What this example and others like it tell us is that in the twenty-first century, mankind has to be very careful not to let technology outstrip the social and political mechanisms which are needed to cope with that technology. It is the proper sphere of scientists to want to advance their knowledge as much as possible and produce benefits for mankind, but the consequences of their developments need to be subjected to a very different question: what impact will this have on humanity in every important respect and not just in terms of how much it knows about and can tinker with the physical universe? And this problem is only going to become more acute as the speed of scientific advancement and the process of constantly reinventing the world increases.
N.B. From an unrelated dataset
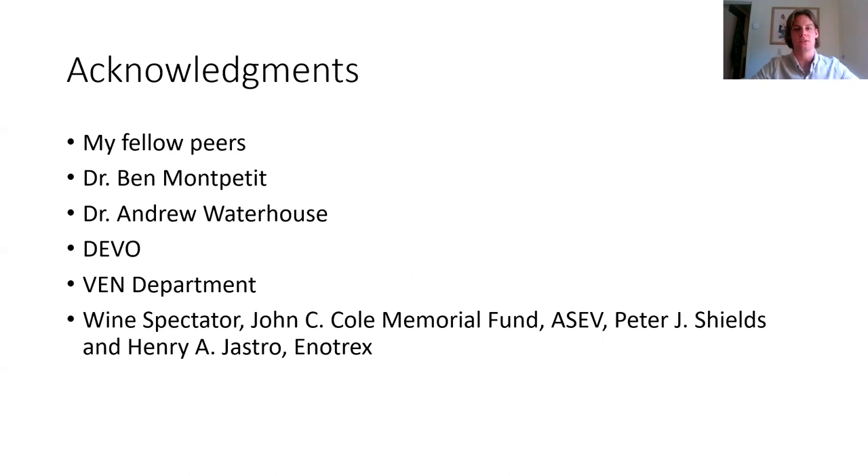I'd like to acknowledge all my fellow classmates who made this year very special and memorable for me, and my advisor Dr. Ben Montpetit, my academic advisor Dr. Waterhouse, the Davis Viticulture and Enology Organization, the Venn department faculty and staff, Wine Spectator, Johnson, Coleman, Member of Williams, ASCV, Peter J. Shields, and Henry Jastrow and Enotrex for helping support me through my studies. That is my presentation — any questions?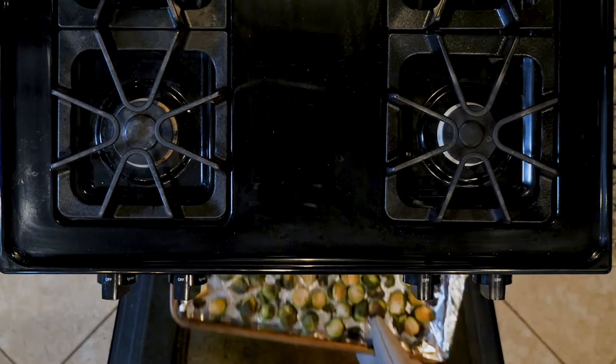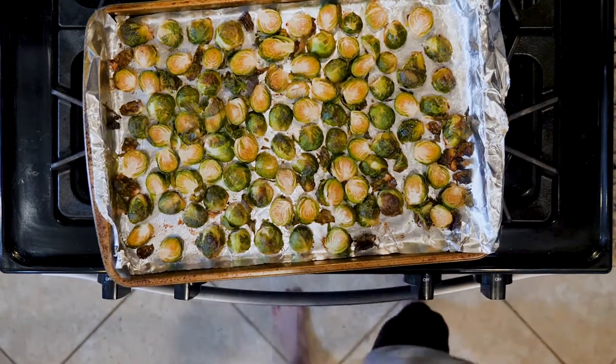Place the baking sheet in the oven and roast for 20 to 45 minutes, or until crisp to your liking. Plate up some sprouts and dig in!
The most topical recent example is climate change. If the theories about climate change being caused by humanity are true, then the great engine of our economic and technological progress over the last few centuries has actually begun to radically and negatively alter the earth itself. This awesome power was completely unknown to all earlier civilizations, and we really need to be much more humble about just what we're capable of. The ecosystem exists in as precarious a balance as our political systems, and both risk being upended by our careless actions.

And then there is by far the most dangerous of all possibilities, the idea that we might create or tinker with life itself. Biotechnology is dangerous insofar as it promises "enhancements" to human life, through theoretical advances such as the ability to tinker with DNA in the womb and make a person stronger or smarter, or the possibility of somehow combining the human body with a machine to increase its capabilities. Such advancements carry the risk of creating a two-tier society - split between the "enhanced" and the normal - as well as giving new capabilities to humans which actually make them non-human; they change the nature of what it means to be human by eliminating, say, forgetfulness. While the standard by which we alter the physical world is clear - for our own utility - the standard by which we would tinker with human life itself is not clear at all, as we have nothing to measure it against.
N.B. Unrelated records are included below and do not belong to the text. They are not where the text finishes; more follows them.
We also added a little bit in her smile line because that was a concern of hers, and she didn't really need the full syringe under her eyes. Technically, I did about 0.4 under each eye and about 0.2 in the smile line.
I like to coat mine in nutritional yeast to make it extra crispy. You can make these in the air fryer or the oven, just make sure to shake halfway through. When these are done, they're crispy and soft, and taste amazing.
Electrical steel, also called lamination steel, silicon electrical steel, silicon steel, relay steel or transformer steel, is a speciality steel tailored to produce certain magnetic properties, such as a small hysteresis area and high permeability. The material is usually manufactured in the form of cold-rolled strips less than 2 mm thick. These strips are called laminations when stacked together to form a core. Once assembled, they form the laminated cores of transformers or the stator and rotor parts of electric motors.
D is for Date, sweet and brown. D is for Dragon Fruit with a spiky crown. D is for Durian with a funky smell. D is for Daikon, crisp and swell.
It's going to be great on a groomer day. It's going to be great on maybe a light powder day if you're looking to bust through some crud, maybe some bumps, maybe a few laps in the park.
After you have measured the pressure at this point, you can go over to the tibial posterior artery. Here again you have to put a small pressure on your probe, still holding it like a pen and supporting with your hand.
By beginning to tinker with human life itself we may deliver some perceived benefits to an individual, but we will make that life less authentically human. The human mind lies in a beautiful and splendid balance which is not understood by the scientists, and to begin to alter the way it relates to the world will carry the most unintended consequences of all. Such advances may lie merely in the realm of theory at present, but if the last few centuries has taught us anything it is to expect the unexpected; and so we need to lay down strict limits on what is allowed and what is not. It seems that to begin to experiment with changing human life or the human brain itself - something so little understood, and involving realms of meaning and value that science is necessarily silent on - will carry the greatest risks of all.

By acting into the world and even on ourselves we risk destroying the conditions that have allowed human life to exist for so many millennia, perhaps completely by accident. We should be humbled by the enormous power of humanity in the twenty-first century, when we have literally taken on the role ascribed to God in all religion, the role of the creator - but remember that in these religious stories, it is God who is also the one with the capability to destroy. We have made these stories a reality for ourselves. But do we possess God's infinite wisdom?